We always deliberately let students know that we hold very high expectations of them and believe in our abilities to teach all students, regardless of their prior knowledge or intellectual strengths and these high expectations and belief, in turn, compel but encourage them to meet the challenge. We feel that introducing the topic well is utmost important and spend substantial amount of time planning how to introduce a new topic to the students. For some topics, we pose a real-life problem for the students to ponder or ask them a question to arouse their curiosities and for others, we tell them a story to introduce the topics to them. In a syllabus-based curriculum, before we start a new topic, we will give the students an overview of the entire syllabus and the inter-relationship of this new topic to the others. This enables them to at least know what they don’t know as the most pathetic state is when students don’t know what they don’t know.

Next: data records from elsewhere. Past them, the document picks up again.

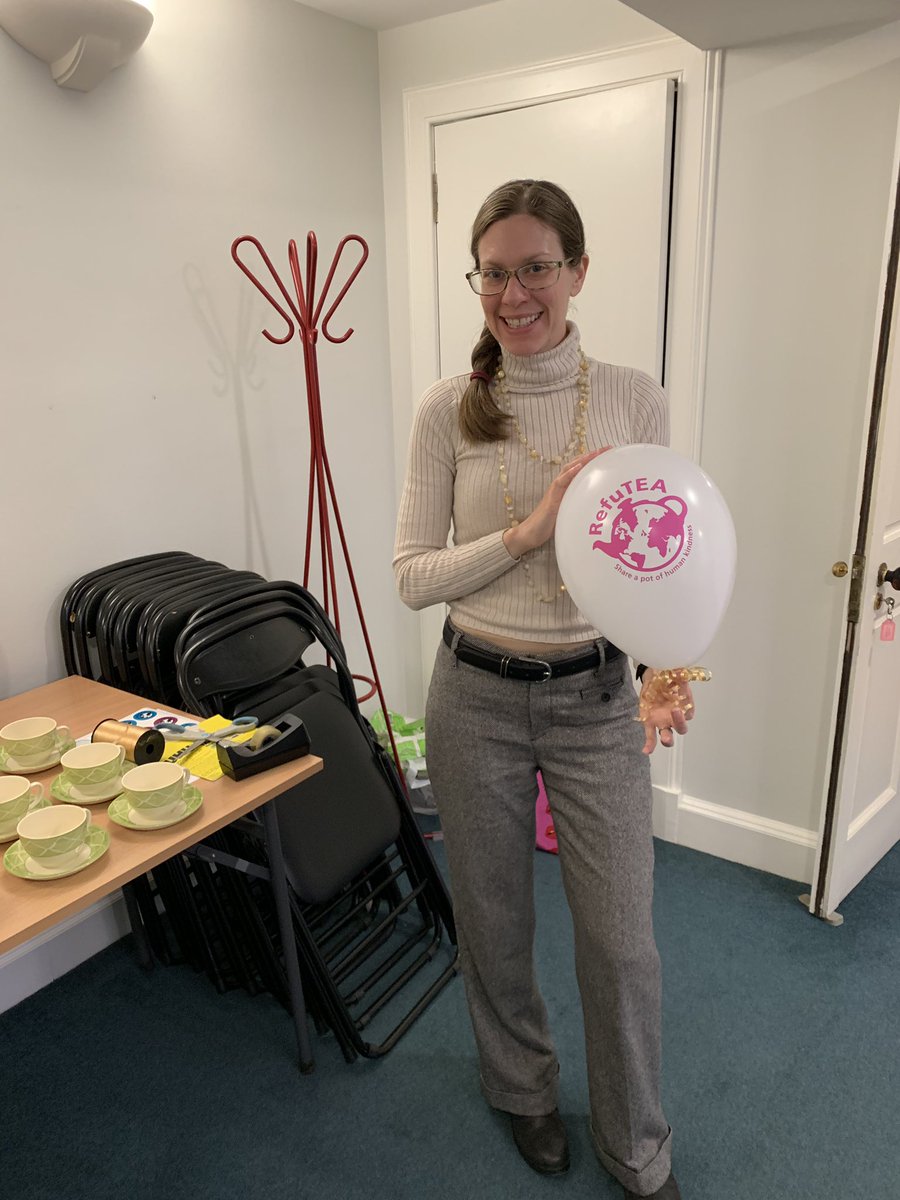 scotcivictrust's tweet photo. Who’s ready for some cake!? We are raising money for @refugeecouncil with a #RefuTEA coffee morning 

Join us in the Meeting Room, The Tobacco Merchant’s House, Glasgow https://t.co/xCxX130JNb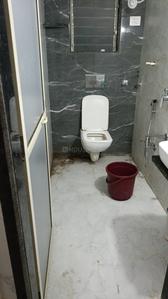 Bathroom Image of 550 Sq.ft 1 BHK Apartment / Flat for rent in Kalyan West Kalyan for Rs. 15200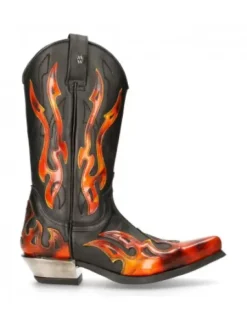 Sale New Rock Boot Wet -7921-2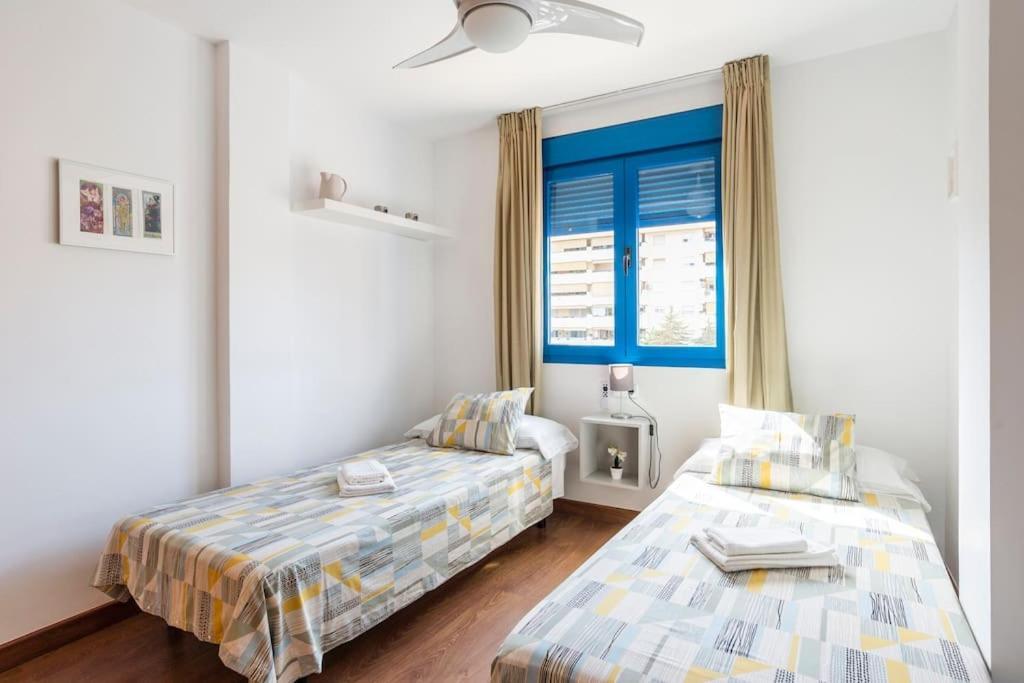 Ayala Beach Apartment Málaga Extérieur photo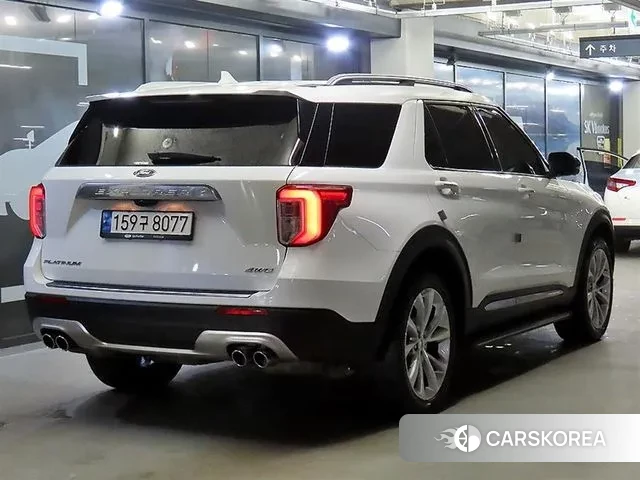 Ford Explorer 6th Generation id 3543644 из Кореи 15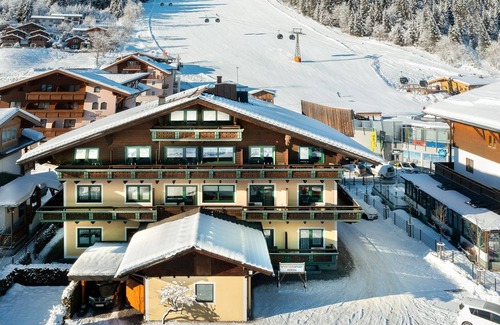 Hundsdorfl Casa | Basic double room - B&B Hotel Die Bergquelle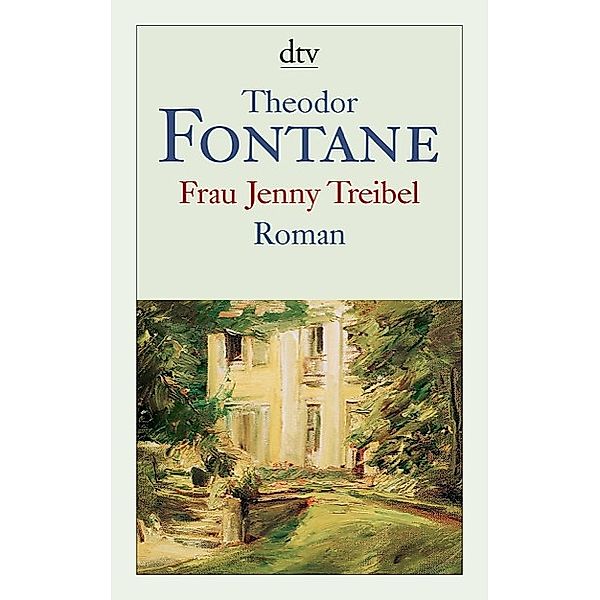 Frau Jenny Treibel, Theodor Fontane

For the purpose of ensuring that no student is left out, we always treat all students as if they are ‘zero-based’ and systematically get them to understand the fundamentals right and fully. We usually pose a large variety of problems and generate an assortment of activities throughout the lesson, giving all students the opportunity to learn and express ideas and to develop not only procedural facility, but also self-confidence and problem-solving abilities. From the question and answer, we will find out how the students derive at the correct or wrong answer to understand their thought process and analysis and put right to them to reduce obtaining answers without understanding. To get the wrong answer for the right reasons is not good enough and to get the right answer for the wrong reasons is worse.
In a learning environment, we find laughter is a very good lubricant in the process of teaching and learning as we all learn better in a happy mood. To bring the students to a high level of understanding of a certain new concept, their attention is the most essential component and most teachers find gaining the attention of their students a very challenging task, especially that of the uninitiated students. Using humour, not only can capture the students’ attention more easily, but can also leave the students with a deeper impression of the concept. The laughter will in turn rejuvenate us and we will then conduct the class in a higher spirited mood. This forms a very positive re-enhancing loop. We are a keen advocate of interactive learning and creative teaching. We always believe that no students cannot be taught and no concept is too difficult to teach.
The relationship between our students and us is an interesting multi-facet one. When we assign students works or projects, we are like their manager or mentor, monitoring their progress, offering feedback and giving consultations and when we are training them to achieve a certain level of competency, we act as their coach, reprimanding as well as encouraging them. It is only when we are explaining concepts or helping them in their academic works that we feel like their teacher and tutor. And as teachers, the most important thing we do everyday is to know what to do to make our students better than yesterday. At times, when they are low-spirited or feel insecure, we play the role of a father and offer them some guidance and comfort. We always suggest to parents to be encouraging and supportive of their children in their process of learning, even if their results are below expectations. And for more serious behavioural problems, we perform the function of a counsellor. At other times, we simply interact with them as a friend so as to be able to empathise and blend with them. And when they become our teachers, that will ultimately be the most satisfying relationship as we will have obtained the great sense of fulfilment from their successes, our own little motivation that started us off as teachers.